‘You’ve time enough,’ said Nancy. ’And, you know, after all it’s a historical event. In the year 3000 it will be ‘set’ in an examination paper, and poor wretches will get plucked because they don’t know the date.’
This was quite a new aspect of the matter to Jessica Morgan. She pondered it, and smiled.
‘Yes, I suppose it will. But we should have to be out so late.’
‘Why not, for once? It needn’t be later than half-past eleven.’ Nancy broke off and gesticulated. ’That’s just why I want to go! I should like to walk about all night, as lots of people will. The public-houses are going to be kept open till two o’clock.’
‘Do you want to go into public-houses?’ asked Jessica, laughing.
’Why not? I should like to. It’s horrible to be tied up as we are; we’re not children. Why can’t we go about as men do?’
‘Won’t your father make any objection?’ asked Jessica.
’We shall take Horace with us. Your people wouldn’t interfere, would they?’
’I think not. Father is away in Yorkshire, and will be till the end of the week. Poor mother has her rheumatism. The house is so dreadfully damp.

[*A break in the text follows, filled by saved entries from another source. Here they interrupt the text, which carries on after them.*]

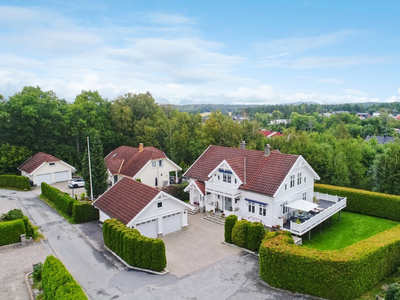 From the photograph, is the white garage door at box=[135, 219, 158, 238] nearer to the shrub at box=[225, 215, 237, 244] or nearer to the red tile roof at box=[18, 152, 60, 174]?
the shrub at box=[225, 215, 237, 244]

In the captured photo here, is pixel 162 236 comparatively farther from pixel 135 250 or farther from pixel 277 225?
pixel 277 225

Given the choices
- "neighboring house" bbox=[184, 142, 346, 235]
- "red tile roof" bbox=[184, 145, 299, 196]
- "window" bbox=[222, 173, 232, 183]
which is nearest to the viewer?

We ought never to have taken it. The difference of rent will all go in doctors’ bills.—I don’t think mother would mind; but I must be back before twelve, of course.’
‘I don’t see the “of course,"’ Nancy returned impatiently, ’but we could manage that. I’ll speak to the Pasha to-night, and either come, or let you have a note, to-morrow morning. If there’s any objection, I’m not sure that I shan’t make it the opportunity for setting up my standard of revolt. But I don’t like to do that whilst the Pasha is out of sorts—it might make him worse.’
‘You could reason with him quietly.’
’Reason with the Pasha—How innocent you are, Jess! How unworldly! It always refreshes me to hear you talk.’
CHAPTER 4
Only twelve months ago Stephen Lord had renewed the lease of his house for a period of seven years. Nancy, had she been aware of this transaction, would assuredly have found courage to enter a protest, but Mr. Lord consulted neither son nor daughter on any point of business; but for this habit of acting silently, he would have seemed to his children a still more arbitrary ruler than they actually thought him.
The dwelling consisted of but eight rooms, one of which, situated at the rear of the entrance passage, served Mr. Lord as sitting-room and bed-chamber; it overlooked a small garden, and afforded a side glimpse of the kitchen with its outer appurtenances. In the front room the family took meals. Of the chambers in the storey above, one was Nancy’s, one her brother’s; the third had, until six years ago, been known as ‘Grandmother’s room,’ and here its occupant, Stephen Lord’s mother, died at the age of seventy-eight. Wife of a Norfolk farmer, and mother of nine children, she was one of the old-world women whose thoughts found abundant occupation in the cares and pleasures of home. Hardship she had never known, nor yet luxury; the old religion, the old views of sex and of society, endured with her to the end.